How to convert a STK alignment into CLUSTAL?
1
0
Entering edit mode
17 months ago
diego1530 ▴ 60

Dear Bioinformatics,

I'm want to let you know that I'm stuck with a issue and it's as follows: My goal is predict RNA secondary structures in Hepatitis virus and I want to employ RNALalifold from the ViennaRNA package with default parameters, to determine the boundaries of locally stable structures within each MSA, and realigned these local regions using mLocARNA.Then the significance and conservation of the found structures will be evaluated with RNAz. Keeping in mind the above, the RNALalifold output is an alignment in Stockholm format as this:

# STOCKHOLM 1.0
#=GF ID aln_142_184
#=GF SS RNALalifold prediction
HEPATV_1     AACGTGAGTTTAGTAAAACCAACGGTTTACGTCTACTCGCGTG
HEPATV_2     AACGTGAGTTTAGTAAAACCAACGGTTTACGTCTACTCGCGTG
HEPATV_3     AACGTGAGTTTAGTAAAACCAACGGTTTACGTCTACTCGCGTG
#=GC RF       AACGUGAGUUUAGUAAAACCAACGGUUUACGUCUACUCGCGUG
#=GC SS_cons  .((((((((...(((((.((...)))))))....)))))))).
//


Note that at the bottom is the RNA boundaries of locally stable structures.

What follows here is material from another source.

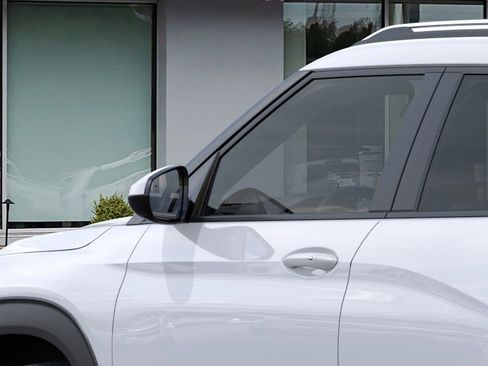 New 2026 Chevrolet TrailBlazer LT AWD/4WD image 12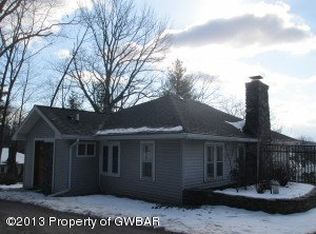 60 Walnut St, Harveys Lake, PA 18618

Now, I need to convert this alignment into CLUSTAL format, i.e within of the extension "aln", which it would serve as input in Mlocarna tool. This software only supports alignments with the aln extension (CLUSTAL) with its respective RNA boundaries at the bottom. For this reason, I would like to contact you if you know any tool, script or method to convert this alignment from STK to CLUSTAL with its respective RNA boundaries?

I will be very appreciative of any help you can give me

Boundaries structure RNA • 771 views
0
Entering edit mode

Hi

Maybe someone who knows exactly what you are talking about could help you with a tool, script or method.

That being said, just in case no one else responds, could you provide an example what your input is and what your output should look like, please? Perhaps you know of a tutorial that has the inputs and outputs you could paste here.

I am asking this because it may be possible to just do this with terminal commands such as awk, grep, cut ... I could give it a try?

-Pratik

0
Entering edit mode

Hi.

The output of the RNALalifold program is as shown in the example above and the input I need for Mlocarna is like this:

fruA               --CCUCGAGGGGAACCCGAA-------------AGGGACCCGAGAGG--
vhuU               AGCUCACAACCGAACCCAUU-------------UGGGAGGUUGUGAGCU
fdhA               CGCCACCCUGCGAACCCAAUAUAAAAUAAUACAAGGGAGCAG-GUGGCG
#A1                ..*...........CCC.............................5..
#S                 ((((((.((((...(((.................))).)))).))))))

0
Entering edit mode

Hmm... I still don't understand the conversion completely... Maybe someone else could chime in?

1
Entering edit mode
17 months ago
Mensur Dlakic ★ 21k

To the best of my knowledge, locarna will take the Stockholm file without any modification. If you don't have a version that does that, it would be worth installing the latest.

There is a program called esl-reformat in easel library and also in HMMer package that converts between various sequence formats, including Stockholm => Clustal. It will not retain the secondary structure assignment from the very last line, but locarna will work without it. Alternatively, you can always add the last line by hand after converting to Clustal.

0
Entering edit mode

Hi Mensur,

I would like to clarify that Mlocarna only supports FASTA and CLUSTAL format. It's a pity that it does not include a STK format. I appreciate your contribution, but in my analysis it is very necessary to include the secondary structure assignment in the last line, at the moment I havent t seen that it's possible.